| Directions |
Using the listing below, please print exactly the lines from the one with "Dalyan Geometric Medallions" through the one with "Rico design háčkovacia". Leave out every picture.

| Supplied data |
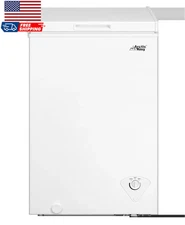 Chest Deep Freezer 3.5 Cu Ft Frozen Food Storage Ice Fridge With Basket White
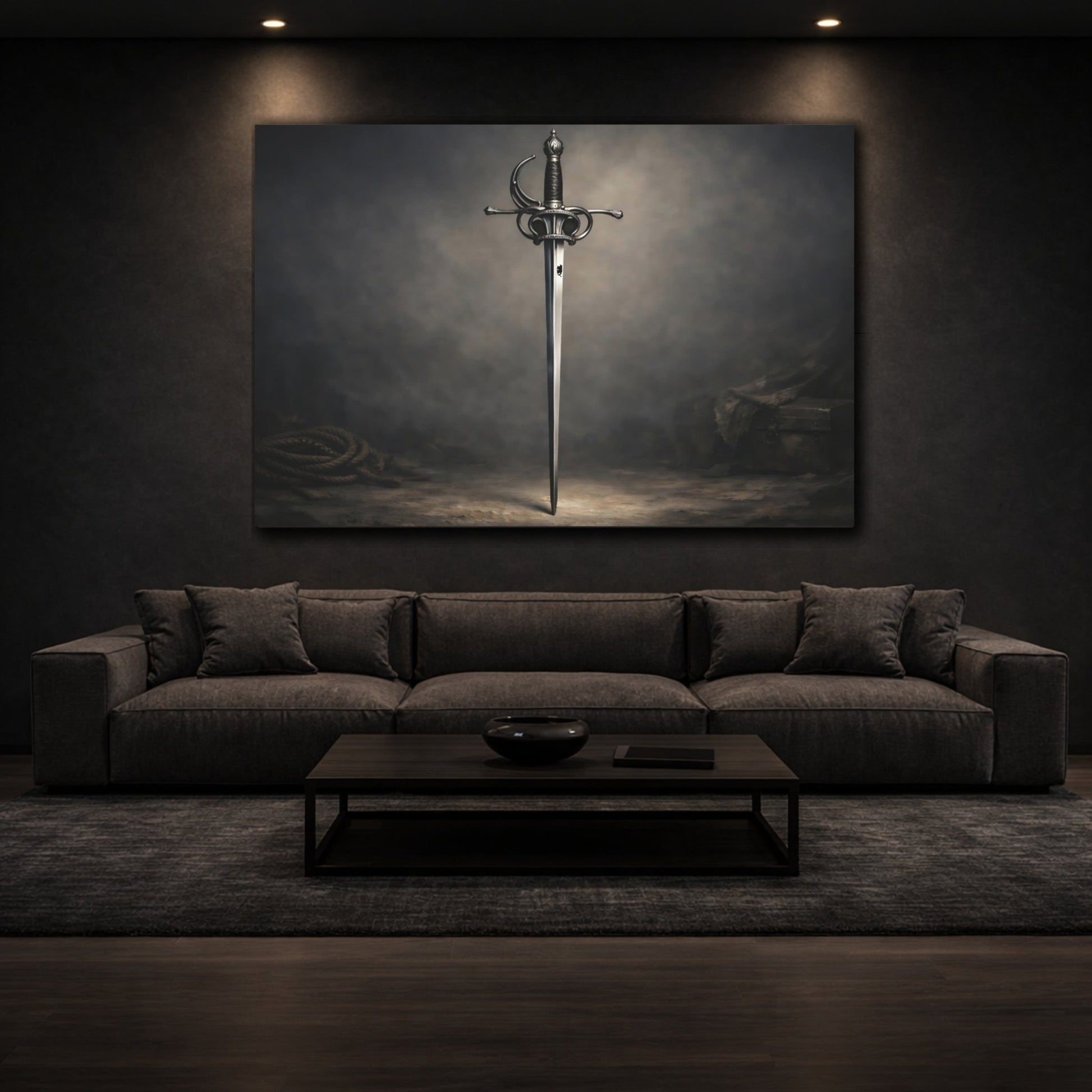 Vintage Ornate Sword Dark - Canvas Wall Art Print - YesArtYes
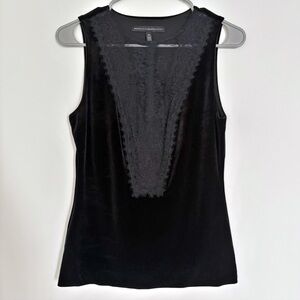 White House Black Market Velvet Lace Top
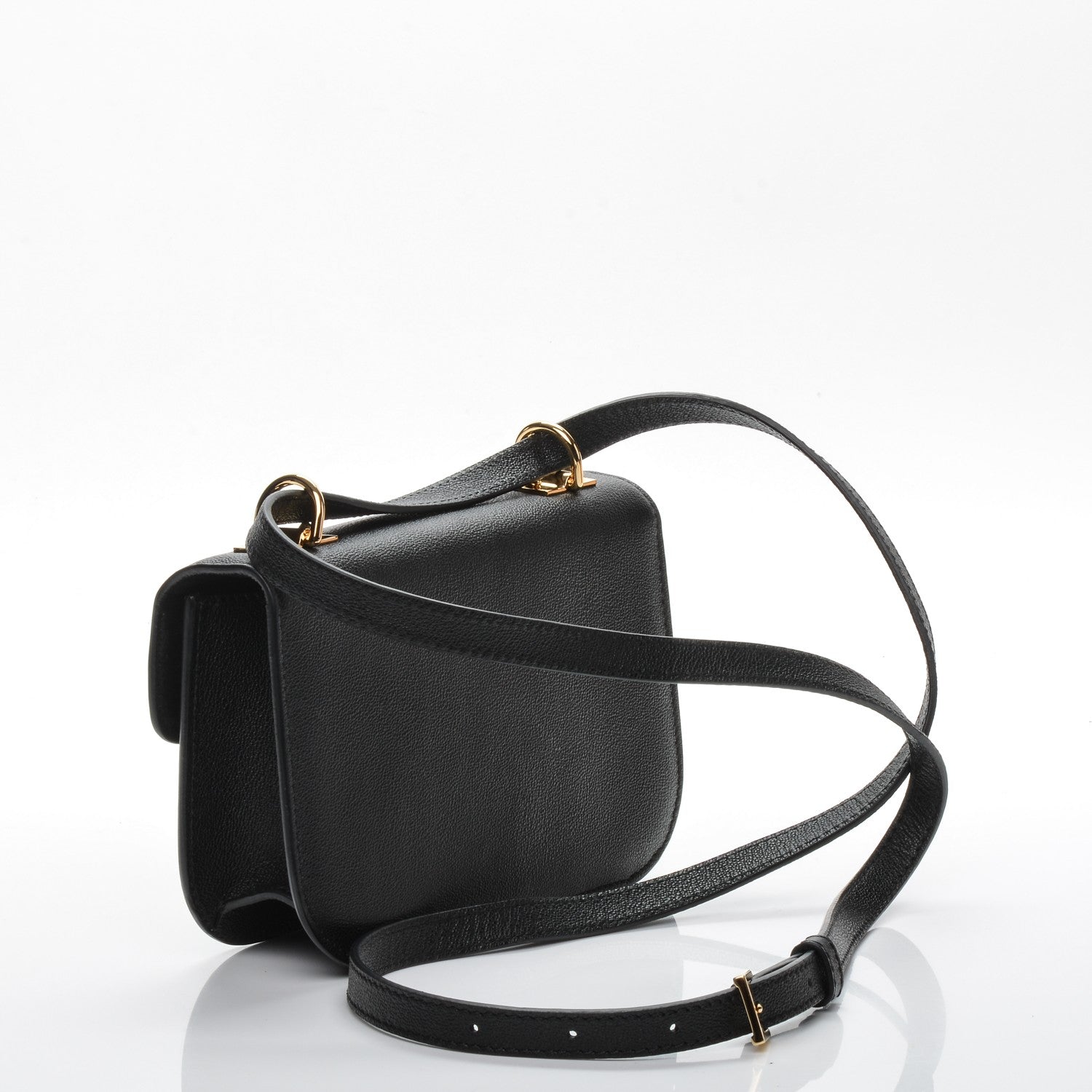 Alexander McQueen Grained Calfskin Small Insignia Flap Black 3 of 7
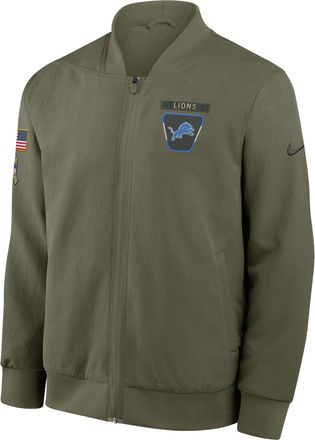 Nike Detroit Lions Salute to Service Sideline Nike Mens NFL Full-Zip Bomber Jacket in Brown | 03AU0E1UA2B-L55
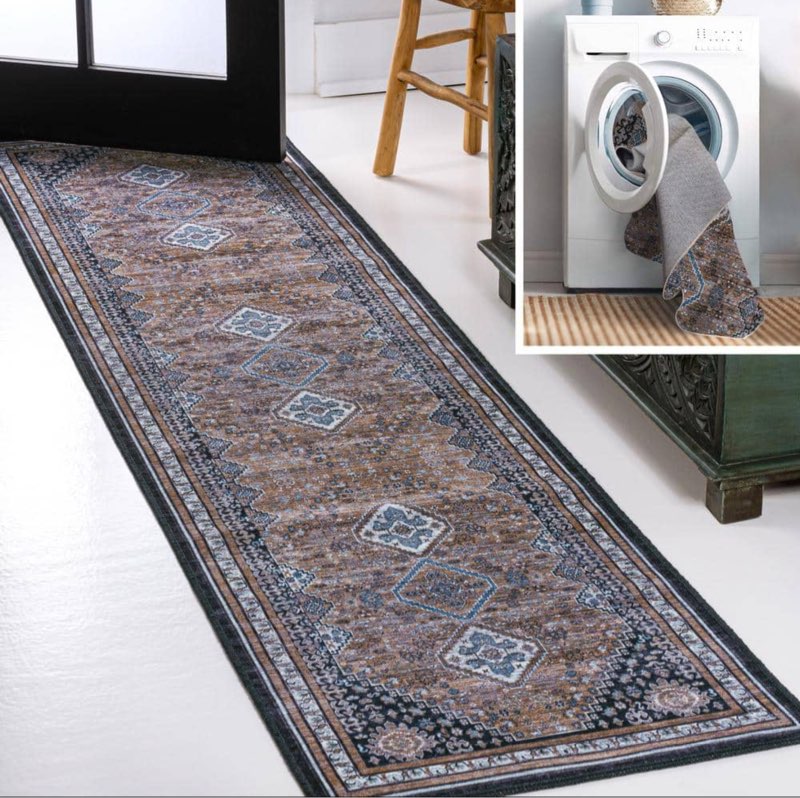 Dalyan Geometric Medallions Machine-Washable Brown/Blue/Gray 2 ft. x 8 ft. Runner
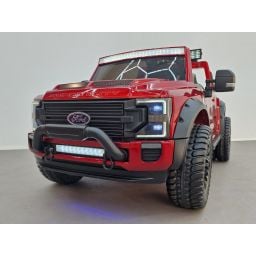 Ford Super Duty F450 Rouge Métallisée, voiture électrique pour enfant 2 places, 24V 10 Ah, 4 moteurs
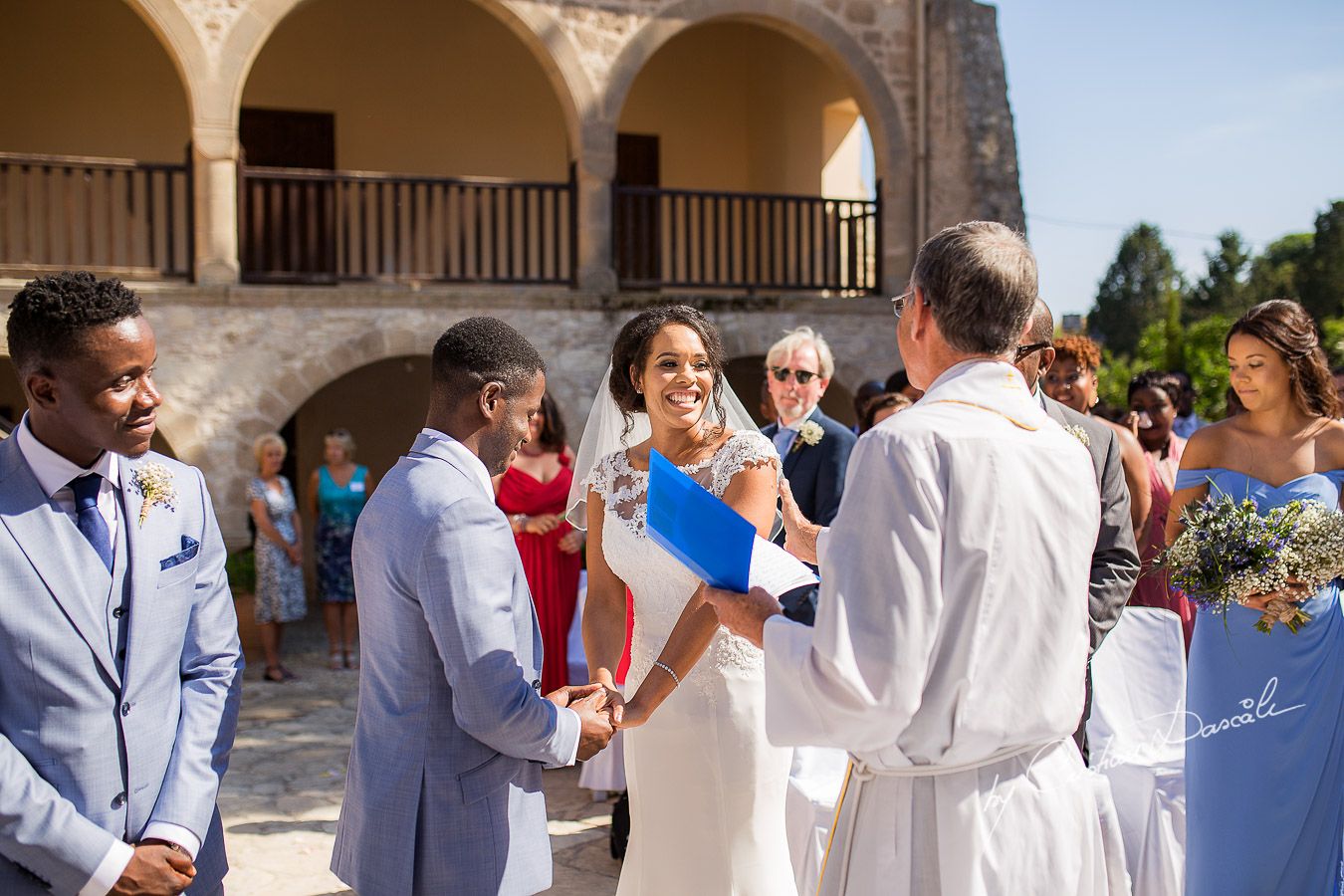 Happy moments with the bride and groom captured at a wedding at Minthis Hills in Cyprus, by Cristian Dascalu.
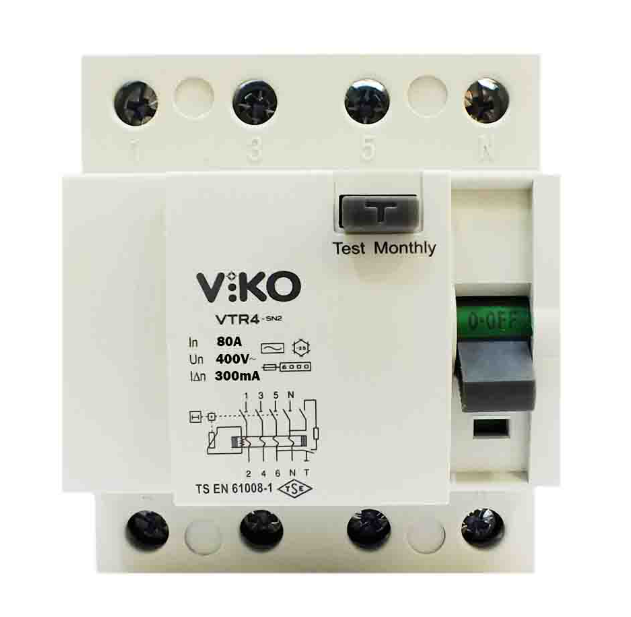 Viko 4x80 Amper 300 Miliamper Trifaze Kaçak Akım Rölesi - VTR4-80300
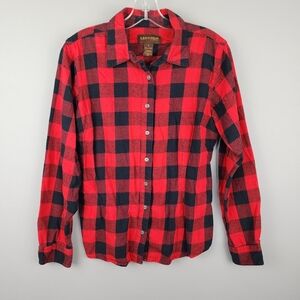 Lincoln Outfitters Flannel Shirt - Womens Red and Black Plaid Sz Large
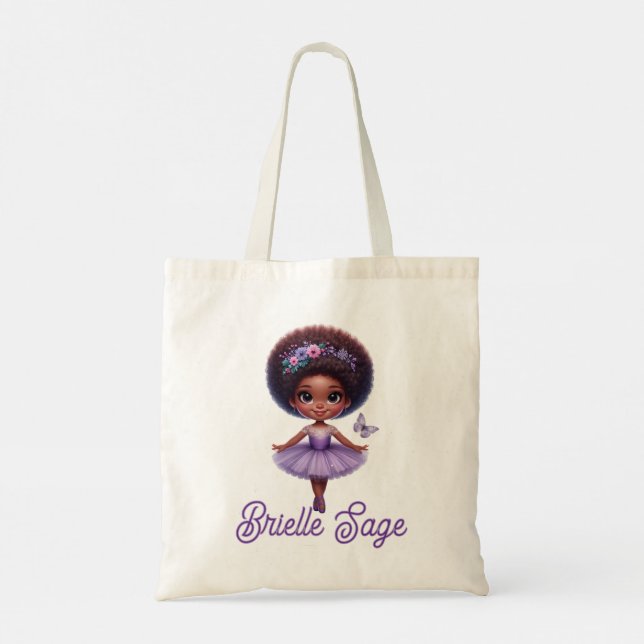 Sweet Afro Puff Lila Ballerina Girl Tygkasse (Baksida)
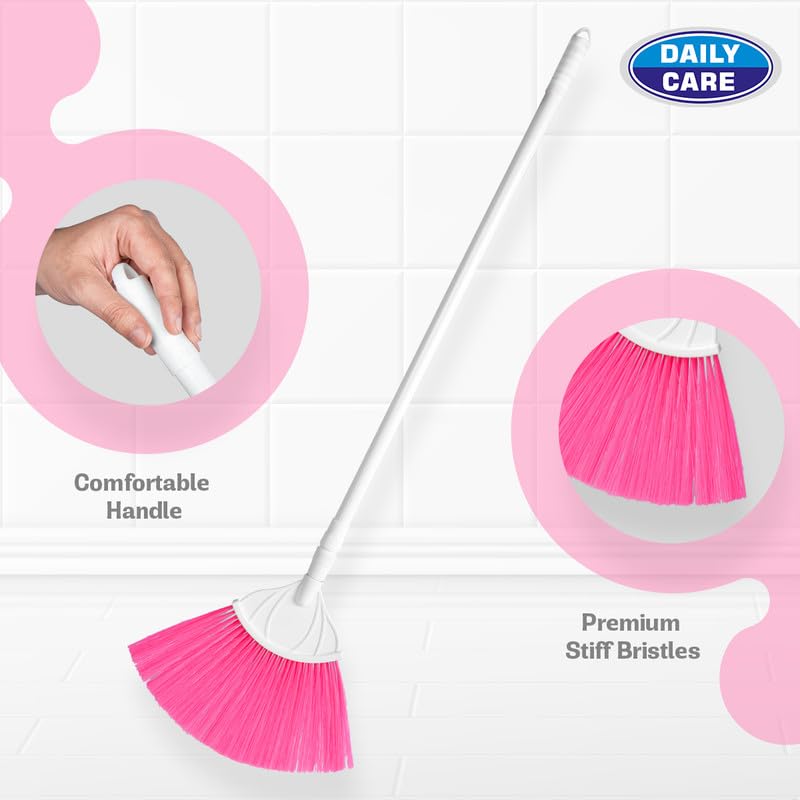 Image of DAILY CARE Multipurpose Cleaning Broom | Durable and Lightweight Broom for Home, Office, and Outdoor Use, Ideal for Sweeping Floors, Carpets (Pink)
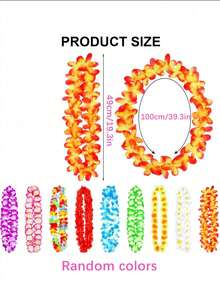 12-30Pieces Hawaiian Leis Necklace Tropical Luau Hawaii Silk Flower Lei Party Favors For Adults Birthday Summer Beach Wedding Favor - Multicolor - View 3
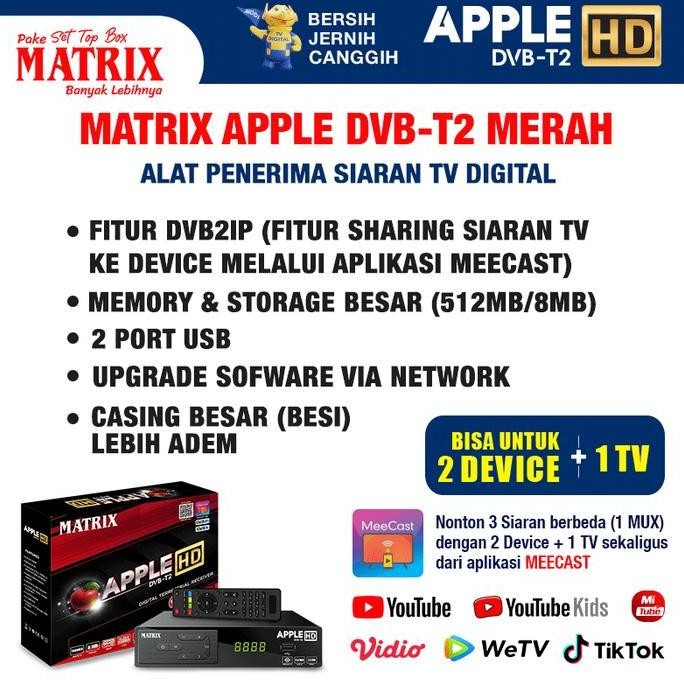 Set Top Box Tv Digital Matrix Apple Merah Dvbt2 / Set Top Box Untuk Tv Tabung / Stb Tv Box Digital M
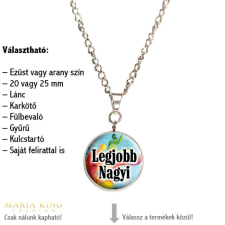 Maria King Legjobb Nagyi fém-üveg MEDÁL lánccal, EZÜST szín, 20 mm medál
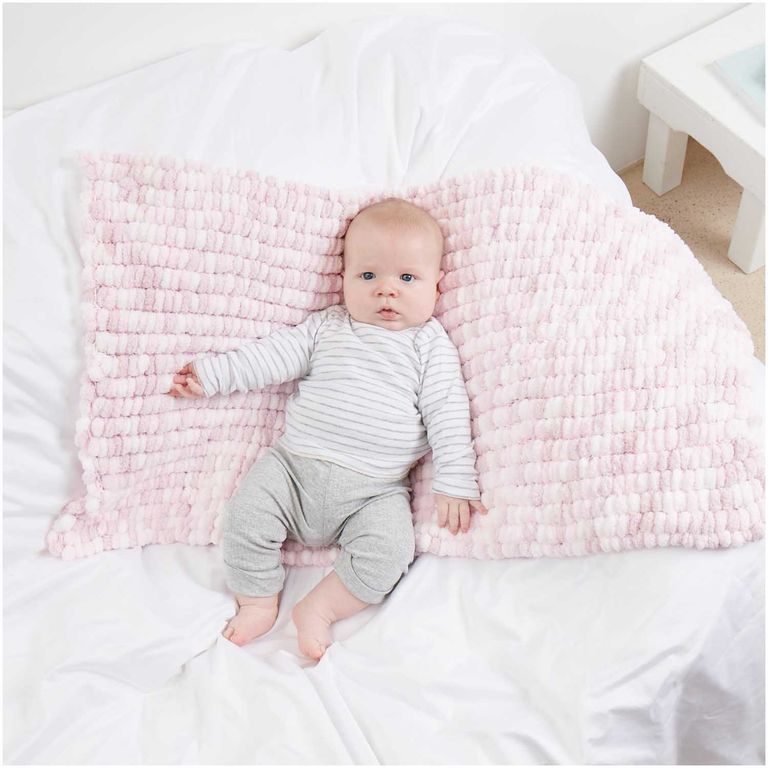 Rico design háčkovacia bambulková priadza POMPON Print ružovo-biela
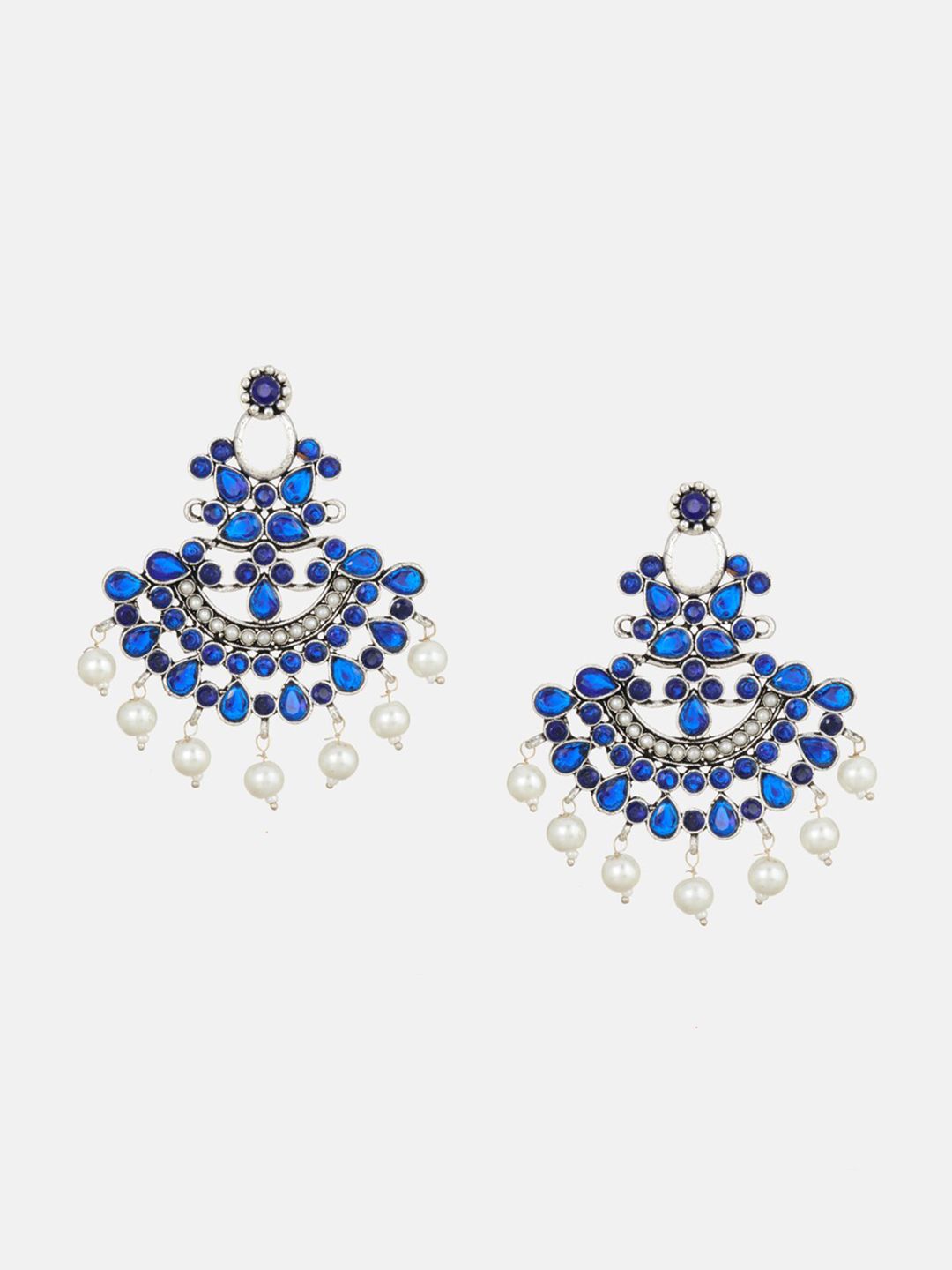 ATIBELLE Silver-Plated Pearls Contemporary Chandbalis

| Solution to the exercise |
 Dalyan Geometric Medallions Machine-Washable Brown/Blue/Gray 2 ft. x 8 ft. Runner
 Ford Super Duty F450 Rouge Métallisée, voiture électrique pour enfant 2 places, 24V 10 Ah, 4 moteurs
 Happy moments with the bride and groom captured at a wedding at Minthis Hills in Cyprus, by Cristian Dascalu.
 Viko 4x80 Amper 300 Miliamper Trifaze Kaçak Akım Rölesi - VTR4-80300
 Lincoln Outfitters Flannel Shirt - Womens Red and Black Plaid Sz Large
 Sweet Afro Puff Lila Ballerina Girl Tygkasse (Baksida)
 Image of DAILY CARE Multipurpose Cleaning Broom | Durable and Lightweight Broom for Home, Office, and Outdoor Use, Ideal for Sweeping Floors, Carpets (Pink)
 12-30Pieces Hawaiian Leis Necklace Tropical Luau Hawaii Silk Flower Lei Party Favors For Adults Birthday Summer Beach Wedding Favor - Multicolor - View 3
 Set Top Box Tv Digital Matrix Apple Merah Dvbt2 / Set Top Box Untuk Tv Tabung / Stb Tv Box Digital M
 Maria King Legjobb Nagyi fém-üveg MEDÁL lánccal, EZÜST szín, 20 mm medál
 Rico design háčkovacia bambulková priadza POMPON Print ružovo-biela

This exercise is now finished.